The TensorDict instance we use flows through the potentials has a protocol:
atoms. bonds and pairs store the information of the bond and non-bonded interactions. The target value of a dataset like energy and forces are stored in the labels. The predicted value of the model is stored in the predicts. TensorDict behaves more than a dictionary, it can be indexed by multiple strings or tuple of string:
from tensordict import TensorDict
td = TensorDict({
"atoms": {
"positions": torch.randn(10, 3),
"charges": torch.randn(10),
},
"pairs": {
"diff": torch.randn(10, 10, 3),
"i": torch.randint(0, 10, (10,)),
"j": torch.randint(0, 10, (10,)),
},
"labels": {
"energy": torch.randn(10),
"forces": torch.randn(10, 3),
}
})
assert td["atoms", "positions"].shape == (10, 3)
assert td[("pairs", "diff")].shape == (10, 10, 3)
customized namespace
Most built-in modules follow the protocol mentioned above, but you can still define your own—just ensure consistency.
Alias for nested keys¶
You may find the key of TensorDict is a bit verbose, either without intelligence or too long.

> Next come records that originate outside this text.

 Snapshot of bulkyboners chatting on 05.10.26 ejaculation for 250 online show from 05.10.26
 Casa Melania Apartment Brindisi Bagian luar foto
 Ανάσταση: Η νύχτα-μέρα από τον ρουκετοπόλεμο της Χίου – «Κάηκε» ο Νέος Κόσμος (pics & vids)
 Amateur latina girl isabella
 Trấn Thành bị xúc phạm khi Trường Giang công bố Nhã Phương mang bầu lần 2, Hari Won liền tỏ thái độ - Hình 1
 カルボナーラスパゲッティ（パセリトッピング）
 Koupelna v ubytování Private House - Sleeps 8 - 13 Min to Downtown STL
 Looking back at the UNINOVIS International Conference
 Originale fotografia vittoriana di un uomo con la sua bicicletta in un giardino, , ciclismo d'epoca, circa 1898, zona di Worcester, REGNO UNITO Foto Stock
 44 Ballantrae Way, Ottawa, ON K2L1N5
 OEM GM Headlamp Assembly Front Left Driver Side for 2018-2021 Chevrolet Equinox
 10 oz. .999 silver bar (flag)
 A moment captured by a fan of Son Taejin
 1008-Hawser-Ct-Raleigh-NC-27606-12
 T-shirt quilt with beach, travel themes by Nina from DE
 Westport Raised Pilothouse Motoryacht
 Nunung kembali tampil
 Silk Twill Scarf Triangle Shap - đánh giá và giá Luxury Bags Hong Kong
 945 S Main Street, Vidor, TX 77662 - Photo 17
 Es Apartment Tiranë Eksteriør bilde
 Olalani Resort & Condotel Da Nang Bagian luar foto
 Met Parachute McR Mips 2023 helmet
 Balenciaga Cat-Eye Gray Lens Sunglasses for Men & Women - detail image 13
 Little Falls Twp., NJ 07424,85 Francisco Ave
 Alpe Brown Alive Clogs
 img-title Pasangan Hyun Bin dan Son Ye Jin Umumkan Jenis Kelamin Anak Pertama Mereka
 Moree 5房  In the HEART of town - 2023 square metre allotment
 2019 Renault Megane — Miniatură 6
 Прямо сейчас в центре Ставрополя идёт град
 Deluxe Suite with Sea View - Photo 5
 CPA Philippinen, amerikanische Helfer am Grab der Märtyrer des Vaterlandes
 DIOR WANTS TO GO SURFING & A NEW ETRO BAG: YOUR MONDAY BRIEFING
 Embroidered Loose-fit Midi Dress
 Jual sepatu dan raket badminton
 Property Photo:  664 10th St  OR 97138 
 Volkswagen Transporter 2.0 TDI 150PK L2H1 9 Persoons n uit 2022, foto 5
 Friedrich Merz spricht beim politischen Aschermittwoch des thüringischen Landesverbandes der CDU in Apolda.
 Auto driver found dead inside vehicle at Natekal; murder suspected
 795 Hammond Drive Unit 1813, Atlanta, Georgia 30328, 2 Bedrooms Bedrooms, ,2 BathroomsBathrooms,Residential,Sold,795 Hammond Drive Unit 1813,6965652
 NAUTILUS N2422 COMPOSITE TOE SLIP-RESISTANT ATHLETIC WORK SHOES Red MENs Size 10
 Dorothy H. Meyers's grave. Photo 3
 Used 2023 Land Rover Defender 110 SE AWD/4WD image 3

To make the code more readable, we provide a set of aliases for the keys. The aliases are defined in the molpot.alias module. For example, the R or xyz alias is defined as ("atoms", "R"). You can use the alias to index the TensorDict instance:
from molpot import alias
assert td[alias.R].shape == (10, 3)
assert td[alias.pair_diff].shape == (10, 10, 3)
Why use alias? - part 2
Another reason to introduce the alias is trying to make internal units / shape consistent, as well as comments and documentation. But it's little bit hard to find a elegant solution.